Only a slice of the listing below is wanted. Retype the lines from the one containing "Capturan a Horacio" through the one containing "Resim Audi A4", exactly, both ends included.
++++++
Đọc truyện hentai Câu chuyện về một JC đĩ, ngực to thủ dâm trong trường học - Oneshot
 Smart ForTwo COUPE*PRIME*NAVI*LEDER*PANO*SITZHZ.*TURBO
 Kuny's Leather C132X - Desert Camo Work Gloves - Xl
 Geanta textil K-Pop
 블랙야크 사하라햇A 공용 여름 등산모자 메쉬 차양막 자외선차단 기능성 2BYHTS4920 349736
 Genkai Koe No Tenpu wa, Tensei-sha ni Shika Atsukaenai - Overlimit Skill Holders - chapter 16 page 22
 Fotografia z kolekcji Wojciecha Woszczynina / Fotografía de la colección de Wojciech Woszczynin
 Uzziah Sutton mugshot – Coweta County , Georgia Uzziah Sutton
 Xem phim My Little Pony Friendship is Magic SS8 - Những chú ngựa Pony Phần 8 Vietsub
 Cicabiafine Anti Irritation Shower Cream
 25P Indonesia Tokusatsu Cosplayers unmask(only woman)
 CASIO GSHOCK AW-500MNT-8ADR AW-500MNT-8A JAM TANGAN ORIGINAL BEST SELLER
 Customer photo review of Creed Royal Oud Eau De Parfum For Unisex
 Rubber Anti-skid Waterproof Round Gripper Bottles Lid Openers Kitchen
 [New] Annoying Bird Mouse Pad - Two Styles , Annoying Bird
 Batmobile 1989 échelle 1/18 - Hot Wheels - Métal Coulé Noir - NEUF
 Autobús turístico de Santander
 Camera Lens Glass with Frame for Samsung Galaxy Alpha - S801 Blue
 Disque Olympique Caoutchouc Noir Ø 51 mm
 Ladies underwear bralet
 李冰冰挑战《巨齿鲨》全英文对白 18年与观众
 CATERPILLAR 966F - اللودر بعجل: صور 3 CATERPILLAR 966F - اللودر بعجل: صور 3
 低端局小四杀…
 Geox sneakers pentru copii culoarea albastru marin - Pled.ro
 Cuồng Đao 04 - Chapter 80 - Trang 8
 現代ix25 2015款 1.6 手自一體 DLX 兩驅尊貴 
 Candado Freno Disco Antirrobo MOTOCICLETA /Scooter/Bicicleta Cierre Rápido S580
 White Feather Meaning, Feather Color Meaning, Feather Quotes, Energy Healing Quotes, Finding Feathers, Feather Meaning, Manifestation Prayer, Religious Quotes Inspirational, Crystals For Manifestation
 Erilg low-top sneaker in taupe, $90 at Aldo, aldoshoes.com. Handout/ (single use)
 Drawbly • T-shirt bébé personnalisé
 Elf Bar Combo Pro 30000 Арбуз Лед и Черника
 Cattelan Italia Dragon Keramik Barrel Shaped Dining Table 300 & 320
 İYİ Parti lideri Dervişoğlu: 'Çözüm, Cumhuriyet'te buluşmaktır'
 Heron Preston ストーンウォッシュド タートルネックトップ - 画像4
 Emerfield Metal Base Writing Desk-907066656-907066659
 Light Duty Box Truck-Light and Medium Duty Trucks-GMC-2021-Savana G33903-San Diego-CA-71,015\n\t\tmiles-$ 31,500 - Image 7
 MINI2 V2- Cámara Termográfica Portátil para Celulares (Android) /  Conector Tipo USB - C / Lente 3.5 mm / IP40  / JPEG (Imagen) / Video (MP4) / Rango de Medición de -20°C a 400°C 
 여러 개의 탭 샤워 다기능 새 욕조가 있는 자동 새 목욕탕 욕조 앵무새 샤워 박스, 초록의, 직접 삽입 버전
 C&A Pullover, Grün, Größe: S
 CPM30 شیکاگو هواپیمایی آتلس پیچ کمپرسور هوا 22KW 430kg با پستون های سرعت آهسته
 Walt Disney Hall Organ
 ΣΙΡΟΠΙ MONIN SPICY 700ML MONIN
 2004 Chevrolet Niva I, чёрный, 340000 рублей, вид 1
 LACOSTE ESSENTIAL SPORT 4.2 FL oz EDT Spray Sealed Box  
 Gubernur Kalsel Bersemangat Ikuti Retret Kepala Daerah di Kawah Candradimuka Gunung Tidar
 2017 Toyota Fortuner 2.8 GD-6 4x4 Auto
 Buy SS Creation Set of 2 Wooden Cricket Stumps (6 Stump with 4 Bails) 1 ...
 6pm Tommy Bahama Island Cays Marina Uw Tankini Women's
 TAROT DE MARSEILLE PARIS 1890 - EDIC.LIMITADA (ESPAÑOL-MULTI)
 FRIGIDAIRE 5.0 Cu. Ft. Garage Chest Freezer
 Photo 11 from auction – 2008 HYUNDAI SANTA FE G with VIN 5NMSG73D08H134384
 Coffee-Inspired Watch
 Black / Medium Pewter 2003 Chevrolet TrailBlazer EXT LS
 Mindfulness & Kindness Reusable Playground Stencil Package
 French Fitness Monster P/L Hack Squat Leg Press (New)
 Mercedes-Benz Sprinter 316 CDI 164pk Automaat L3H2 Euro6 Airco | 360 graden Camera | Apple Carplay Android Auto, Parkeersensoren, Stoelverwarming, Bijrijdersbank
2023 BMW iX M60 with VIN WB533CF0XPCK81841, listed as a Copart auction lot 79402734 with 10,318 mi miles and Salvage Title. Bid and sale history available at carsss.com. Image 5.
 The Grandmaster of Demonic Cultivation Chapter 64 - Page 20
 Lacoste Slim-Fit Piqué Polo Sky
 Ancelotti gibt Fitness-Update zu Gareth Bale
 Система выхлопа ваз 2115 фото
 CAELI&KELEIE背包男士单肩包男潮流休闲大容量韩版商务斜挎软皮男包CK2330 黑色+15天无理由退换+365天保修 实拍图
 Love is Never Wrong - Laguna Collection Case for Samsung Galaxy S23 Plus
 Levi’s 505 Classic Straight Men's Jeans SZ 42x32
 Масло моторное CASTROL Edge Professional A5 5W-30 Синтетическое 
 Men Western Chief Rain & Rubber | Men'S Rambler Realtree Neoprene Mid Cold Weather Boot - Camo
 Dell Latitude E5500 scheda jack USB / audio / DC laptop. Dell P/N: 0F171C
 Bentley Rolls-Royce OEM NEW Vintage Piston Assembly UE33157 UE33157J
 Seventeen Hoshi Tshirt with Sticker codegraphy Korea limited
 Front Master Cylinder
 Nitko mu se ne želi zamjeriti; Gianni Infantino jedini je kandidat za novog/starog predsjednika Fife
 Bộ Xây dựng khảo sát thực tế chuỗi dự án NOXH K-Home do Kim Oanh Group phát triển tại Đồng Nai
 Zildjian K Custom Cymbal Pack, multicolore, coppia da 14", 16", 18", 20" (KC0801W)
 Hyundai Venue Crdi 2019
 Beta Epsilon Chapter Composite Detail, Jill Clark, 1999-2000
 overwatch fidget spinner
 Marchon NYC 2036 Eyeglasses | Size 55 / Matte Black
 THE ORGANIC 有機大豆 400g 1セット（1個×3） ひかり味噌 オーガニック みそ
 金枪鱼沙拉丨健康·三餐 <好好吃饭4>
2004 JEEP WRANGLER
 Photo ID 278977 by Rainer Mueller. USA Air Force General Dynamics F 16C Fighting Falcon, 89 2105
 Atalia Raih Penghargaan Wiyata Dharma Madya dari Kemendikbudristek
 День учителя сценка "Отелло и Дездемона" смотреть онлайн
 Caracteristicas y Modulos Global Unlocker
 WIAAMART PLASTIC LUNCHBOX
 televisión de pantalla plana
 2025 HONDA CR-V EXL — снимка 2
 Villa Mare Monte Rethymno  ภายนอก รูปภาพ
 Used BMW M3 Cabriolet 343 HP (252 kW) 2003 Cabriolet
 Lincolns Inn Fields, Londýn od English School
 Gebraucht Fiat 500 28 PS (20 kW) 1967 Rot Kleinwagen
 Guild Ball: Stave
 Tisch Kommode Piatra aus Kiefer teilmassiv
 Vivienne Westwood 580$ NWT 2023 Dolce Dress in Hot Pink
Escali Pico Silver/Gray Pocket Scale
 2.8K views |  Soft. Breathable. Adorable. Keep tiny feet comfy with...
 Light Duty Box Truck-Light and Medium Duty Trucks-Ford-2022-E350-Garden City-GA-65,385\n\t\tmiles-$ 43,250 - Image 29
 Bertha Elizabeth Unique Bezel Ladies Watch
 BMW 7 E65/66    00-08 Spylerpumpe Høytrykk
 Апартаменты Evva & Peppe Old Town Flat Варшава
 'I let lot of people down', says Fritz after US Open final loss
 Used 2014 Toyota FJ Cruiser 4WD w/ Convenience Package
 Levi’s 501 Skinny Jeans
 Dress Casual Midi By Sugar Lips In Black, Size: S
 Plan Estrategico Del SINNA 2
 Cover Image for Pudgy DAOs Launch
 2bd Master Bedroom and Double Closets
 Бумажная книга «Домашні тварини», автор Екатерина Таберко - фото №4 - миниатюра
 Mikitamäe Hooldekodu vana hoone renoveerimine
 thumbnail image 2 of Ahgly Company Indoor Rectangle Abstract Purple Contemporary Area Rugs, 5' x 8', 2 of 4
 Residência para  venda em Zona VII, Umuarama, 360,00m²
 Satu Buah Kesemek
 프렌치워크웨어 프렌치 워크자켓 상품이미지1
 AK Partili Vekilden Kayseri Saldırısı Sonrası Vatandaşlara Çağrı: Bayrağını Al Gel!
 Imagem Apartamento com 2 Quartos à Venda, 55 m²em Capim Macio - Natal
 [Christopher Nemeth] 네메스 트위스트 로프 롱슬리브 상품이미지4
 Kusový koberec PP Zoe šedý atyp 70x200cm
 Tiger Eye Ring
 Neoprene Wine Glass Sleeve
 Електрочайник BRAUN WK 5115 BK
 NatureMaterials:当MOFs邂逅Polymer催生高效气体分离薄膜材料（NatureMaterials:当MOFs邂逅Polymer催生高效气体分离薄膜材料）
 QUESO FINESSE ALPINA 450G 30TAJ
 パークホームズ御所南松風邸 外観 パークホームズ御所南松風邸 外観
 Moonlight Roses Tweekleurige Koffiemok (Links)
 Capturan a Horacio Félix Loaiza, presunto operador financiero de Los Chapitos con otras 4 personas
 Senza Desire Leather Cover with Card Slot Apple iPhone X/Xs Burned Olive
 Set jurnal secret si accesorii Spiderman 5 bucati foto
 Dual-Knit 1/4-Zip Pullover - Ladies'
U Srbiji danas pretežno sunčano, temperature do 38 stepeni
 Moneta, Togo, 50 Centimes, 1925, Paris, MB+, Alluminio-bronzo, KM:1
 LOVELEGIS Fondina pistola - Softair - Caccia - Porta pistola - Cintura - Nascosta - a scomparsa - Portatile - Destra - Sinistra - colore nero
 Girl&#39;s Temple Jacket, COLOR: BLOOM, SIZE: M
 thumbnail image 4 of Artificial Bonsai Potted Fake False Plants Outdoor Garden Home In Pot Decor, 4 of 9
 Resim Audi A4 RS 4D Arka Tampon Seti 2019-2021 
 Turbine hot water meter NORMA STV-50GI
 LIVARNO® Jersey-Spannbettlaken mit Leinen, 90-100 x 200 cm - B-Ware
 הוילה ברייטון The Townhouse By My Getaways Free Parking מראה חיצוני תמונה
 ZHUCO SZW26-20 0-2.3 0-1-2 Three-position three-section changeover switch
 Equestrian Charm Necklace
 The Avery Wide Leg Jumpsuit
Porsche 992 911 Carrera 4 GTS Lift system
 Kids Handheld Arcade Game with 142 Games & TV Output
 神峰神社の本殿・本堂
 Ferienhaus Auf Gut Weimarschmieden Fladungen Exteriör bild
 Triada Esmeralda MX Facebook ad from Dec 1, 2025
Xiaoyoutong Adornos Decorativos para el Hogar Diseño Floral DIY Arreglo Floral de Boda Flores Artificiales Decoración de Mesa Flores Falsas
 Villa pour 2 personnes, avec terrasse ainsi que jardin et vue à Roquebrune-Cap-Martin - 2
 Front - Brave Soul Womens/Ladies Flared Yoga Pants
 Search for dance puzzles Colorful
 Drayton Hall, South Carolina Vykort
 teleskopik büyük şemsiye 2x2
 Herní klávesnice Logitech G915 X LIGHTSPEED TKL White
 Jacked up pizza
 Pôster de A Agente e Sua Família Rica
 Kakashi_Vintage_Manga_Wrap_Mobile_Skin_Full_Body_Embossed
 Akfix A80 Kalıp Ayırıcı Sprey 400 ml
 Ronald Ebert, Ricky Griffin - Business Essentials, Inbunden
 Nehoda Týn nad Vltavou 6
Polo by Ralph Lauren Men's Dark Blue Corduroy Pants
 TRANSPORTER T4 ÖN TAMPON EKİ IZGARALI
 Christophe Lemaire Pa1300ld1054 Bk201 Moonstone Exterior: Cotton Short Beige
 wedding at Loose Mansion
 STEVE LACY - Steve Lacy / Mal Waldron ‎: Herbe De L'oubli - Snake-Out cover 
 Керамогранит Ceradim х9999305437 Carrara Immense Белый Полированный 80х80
++++++
The answer -
 Capturan a Horacio Félix Loaiza, presunto operador financiero de Los Chapitos con otras 4 personas
 Senza Desire Leather Cover with Card Slot Apple iPhone X/Xs Burned Olive
 Set jurnal secret si accesorii Spiderman 5 bucati foto
 Dual-Knit 1/4-Zip Pullover - Ladies'
U Srbiji danas pretežno sunčano, temperature do 38 stepeni
 Moneta, Togo, 50 Centimes, 1925, Paris, MB+, Alluminio-bronzo, KM:1
 LOVELEGIS Fondina pistola - Softair - Caccia - Porta pistola - Cintura - Nascosta - a scomparsa - Portatile - Destra - Sinistra - colore nero
 Girl&#39;s Temple Jacket, COLOR: BLOOM, SIZE: M
 thumbnail image 4 of Artificial Bonsai Potted Fake False Plants Outdoor Garden Home In Pot Decor, 4 of 9
 Resim Audi A4 RS 4D Arka Tampon Seti 2019-2021 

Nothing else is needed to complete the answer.